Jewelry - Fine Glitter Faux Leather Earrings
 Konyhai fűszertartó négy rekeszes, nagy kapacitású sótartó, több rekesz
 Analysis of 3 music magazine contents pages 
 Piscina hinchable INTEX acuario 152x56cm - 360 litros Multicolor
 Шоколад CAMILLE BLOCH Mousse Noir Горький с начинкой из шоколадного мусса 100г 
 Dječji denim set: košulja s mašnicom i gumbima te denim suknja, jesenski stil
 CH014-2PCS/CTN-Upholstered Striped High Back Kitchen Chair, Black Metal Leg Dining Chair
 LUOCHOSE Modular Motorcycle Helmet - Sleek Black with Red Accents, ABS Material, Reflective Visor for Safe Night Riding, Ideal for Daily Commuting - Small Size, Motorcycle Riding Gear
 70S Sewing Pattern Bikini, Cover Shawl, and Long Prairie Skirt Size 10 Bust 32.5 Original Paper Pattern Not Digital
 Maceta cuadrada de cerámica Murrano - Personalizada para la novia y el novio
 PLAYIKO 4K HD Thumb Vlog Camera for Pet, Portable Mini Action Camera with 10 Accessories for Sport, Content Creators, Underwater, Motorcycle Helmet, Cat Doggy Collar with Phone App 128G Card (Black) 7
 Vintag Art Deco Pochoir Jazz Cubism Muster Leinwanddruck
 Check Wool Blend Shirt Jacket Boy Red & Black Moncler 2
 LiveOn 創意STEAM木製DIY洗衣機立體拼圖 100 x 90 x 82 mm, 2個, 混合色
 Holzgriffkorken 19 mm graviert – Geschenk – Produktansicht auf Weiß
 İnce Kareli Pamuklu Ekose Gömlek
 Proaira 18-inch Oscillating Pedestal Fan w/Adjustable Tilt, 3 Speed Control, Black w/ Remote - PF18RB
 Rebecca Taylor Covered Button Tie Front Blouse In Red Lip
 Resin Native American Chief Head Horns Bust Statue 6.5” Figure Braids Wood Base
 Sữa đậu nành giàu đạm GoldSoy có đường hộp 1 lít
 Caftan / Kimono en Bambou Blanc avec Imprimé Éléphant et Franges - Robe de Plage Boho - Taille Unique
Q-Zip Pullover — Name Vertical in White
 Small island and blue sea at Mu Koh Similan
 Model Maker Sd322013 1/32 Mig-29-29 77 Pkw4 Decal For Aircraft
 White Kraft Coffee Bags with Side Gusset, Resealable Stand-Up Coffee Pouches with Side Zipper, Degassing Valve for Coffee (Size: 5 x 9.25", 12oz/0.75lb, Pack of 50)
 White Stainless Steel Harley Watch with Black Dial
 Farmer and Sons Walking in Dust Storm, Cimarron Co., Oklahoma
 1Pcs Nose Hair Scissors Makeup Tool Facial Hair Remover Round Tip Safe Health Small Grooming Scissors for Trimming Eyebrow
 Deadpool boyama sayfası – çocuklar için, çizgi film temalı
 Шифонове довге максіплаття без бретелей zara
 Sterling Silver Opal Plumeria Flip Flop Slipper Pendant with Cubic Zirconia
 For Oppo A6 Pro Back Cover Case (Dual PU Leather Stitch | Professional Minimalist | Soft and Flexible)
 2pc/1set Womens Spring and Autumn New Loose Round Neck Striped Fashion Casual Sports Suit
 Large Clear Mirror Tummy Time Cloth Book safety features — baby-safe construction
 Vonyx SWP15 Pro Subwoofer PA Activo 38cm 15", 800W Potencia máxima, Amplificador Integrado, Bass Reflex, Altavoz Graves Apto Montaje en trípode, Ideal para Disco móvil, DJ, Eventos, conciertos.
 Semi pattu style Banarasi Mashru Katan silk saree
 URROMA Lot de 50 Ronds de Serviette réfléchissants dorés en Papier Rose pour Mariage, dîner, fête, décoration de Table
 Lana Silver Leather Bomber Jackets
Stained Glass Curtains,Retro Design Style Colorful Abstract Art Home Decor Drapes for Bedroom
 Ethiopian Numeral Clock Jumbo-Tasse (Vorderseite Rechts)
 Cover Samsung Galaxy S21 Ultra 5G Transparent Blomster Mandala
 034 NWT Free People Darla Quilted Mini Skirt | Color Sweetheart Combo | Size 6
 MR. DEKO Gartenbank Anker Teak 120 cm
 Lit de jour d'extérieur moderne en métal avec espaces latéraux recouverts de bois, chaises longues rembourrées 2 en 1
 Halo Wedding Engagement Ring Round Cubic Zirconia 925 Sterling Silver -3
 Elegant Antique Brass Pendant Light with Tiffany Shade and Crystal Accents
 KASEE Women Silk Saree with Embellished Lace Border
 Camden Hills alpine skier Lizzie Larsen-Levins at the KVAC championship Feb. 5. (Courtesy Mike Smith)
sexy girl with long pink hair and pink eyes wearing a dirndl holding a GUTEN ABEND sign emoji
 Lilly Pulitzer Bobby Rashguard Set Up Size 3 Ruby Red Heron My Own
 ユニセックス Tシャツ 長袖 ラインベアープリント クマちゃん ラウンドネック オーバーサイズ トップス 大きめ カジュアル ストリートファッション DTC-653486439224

★ ★ ★ ★ ★

The required result is an identical copy of the records above.

Output of the exercise
Jewelry - Fine Glitter Faux Leather Earrings
 Konyhai fűszertartó négy rekeszes, nagy kapacitású sótartó, több rekesz
 Analysis of 3 music magazine contents pages 
 Piscina hinchable INTEX acuario 152x56cm - 360 litros Multicolor
 Шоколад CAMILLE BLOCH Mousse Noir Горький с начинкой из шоколадного мусса 100г 
 Dječji denim set: košulja s mašnicom i gumbima te denim suknja, jesenski stil
 CH014-2PCS/CTN-Upholstered Striped High Back Kitchen Chair, Black Metal Leg Dining Chair
 LUOCHOSE Modular Motorcycle Helmet - Sleek Black with Red Accents, ABS Material, Reflective Visor for Safe Night Riding, Ideal for Daily Commuting - Small Size, Motorcycle Riding Gear
 70S Sewing Pattern Bikini, Cover Shawl, and Long Prairie Skirt Size 10 Bust 32.5 Original Paper Pattern Not Digital
 Maceta cuadrada de cerámica Murrano - Personalizada para la novia y el novio
 PLAYIKO 4K HD Thumb Vlog Camera for Pet, Portable Mini Action Camera with 10 Accessories for Sport, Content Creators, Underwater, Motorcycle Helmet, Cat Doggy Collar with Phone App 128G Card (Black) 7
 Vintag Art Deco Pochoir Jazz Cubism Muster Leinwanddruck
 Check Wool Blend Shirt Jacket Boy Red & Black Moncler 2
 LiveOn 創意STEAM木製DIY洗衣機立體拼圖 100 x 90 x 82 mm, 2個, 混合色
 Holzgriffkorken 19 mm graviert – Geschenk – Produktansicht auf Weiß
 İnce Kareli Pamuklu Ekose Gömlek
 Proaira 18-inch Oscillating Pedestal Fan w/Adjustable Tilt, 3 Speed Control, Black w/ Remote - PF18RB
 Rebecca Taylor Covered Button Tie Front Blouse In Red Lip
 Resin Native American Chief Head Horns Bust Statue 6.5” Figure Braids Wood Base
 Sữa đậu nành giàu đạm GoldSoy có đường hộp 1 lít
 Caftan / Kimono en Bambou Blanc avec Imprimé Éléphant et Franges - Robe de Plage Boho - Taille Unique
Q-Zip Pullover — Name Vertical in White
 Small island and blue sea at Mu Koh Similan
 Model Maker Sd322013 1/32 Mig-29-29 77 Pkw4 Decal For Aircraft
 White Kraft Coffee Bags with Side Gusset, Resealable Stand-Up Coffee Pouches with Side Zipper, Degassing Valve for Coffee (Size: 5 x 9.25", 12oz/0.75lb, Pack of 50)
 White Stainless Steel Harley Watch with Black Dial
 Farmer and Sons Walking in Dust Storm, Cimarron Co., Oklahoma
 1Pcs Nose Hair Scissors Makeup Tool Facial Hair Remover Round Tip Safe Health Small Grooming Scissors for Trimming Eyebrow
 Deadpool boyama sayfası – çocuklar için, çizgi film temalı
 Шифонове довге максіплаття без бретелей zara
 Sterling Silver Opal Plumeria Flip Flop Slipper Pendant with Cubic Zirconia
 For Oppo A6 Pro Back Cover Case (Dual PU Leather Stitch | Professional Minimalist | Soft and Flexible)
 2pc/1set Womens Spring and Autumn New Loose Round Neck Striped Fashion Casual Sports Suit
 Large Clear Mirror Tummy Time Cloth Book safety features — baby-safe construction
 Vonyx SWP15 Pro Subwoofer PA Activo 38cm 15", 800W Potencia máxima, Amplificador Integrado, Bass Reflex, Altavoz Graves Apto Montaje en trípode, Ideal para Disco móvil, DJ, Eventos, conciertos.
 Semi pattu style Banarasi Mashru Katan silk saree
 URROMA Lot de 50 Ronds de Serviette réfléchissants dorés en Papier Rose pour Mariage, dîner, fête, décoration de Table
 Lana Silver Leather Bomber Jackets
Stained Glass Curtains,Retro Design Style Colorful Abstract Art Home Decor Drapes for Bedroom
 Ethiopian Numeral Clock Jumbo-Tasse (Vorderseite Rechts)
 Cover Samsung Galaxy S21 Ultra 5G Transparent Blomster Mandala
 034 NWT Free People Darla Quilted Mini Skirt | Color Sweetheart Combo | Size 6
 MR. DEKO Gartenbank Anker Teak 120 cm
 Lit de jour d'extérieur moderne en métal avec espaces latéraux recouverts de bois, chaises longues rembourrées 2 en 1
 Halo Wedding Engagement Ring Round Cubic Zirconia 925 Sterling Silver -3
 Elegant Antique Brass Pendant Light with Tiffany Shade and Crystal Accents
 KASEE Women Silk Saree with Embellished Lace Border
 Camden Hills alpine skier Lizzie Larsen-Levins at the KVAC championship Feb. 5. (Courtesy Mike Smith)
sexy girl with long pink hair and pink eyes wearing a dirndl holding a GUTEN ABEND sign emoji
 Lilly Pulitzer Bobby Rashguard Set Up Size 3 Ruby Red Heron My Own
 ユニセックス Tシャツ 長袖 ラインベアープリント クマちゃん ラウンドネック オーバーサイズ トップス 大きめ カジュアル ストリートファッション DTC-653486439224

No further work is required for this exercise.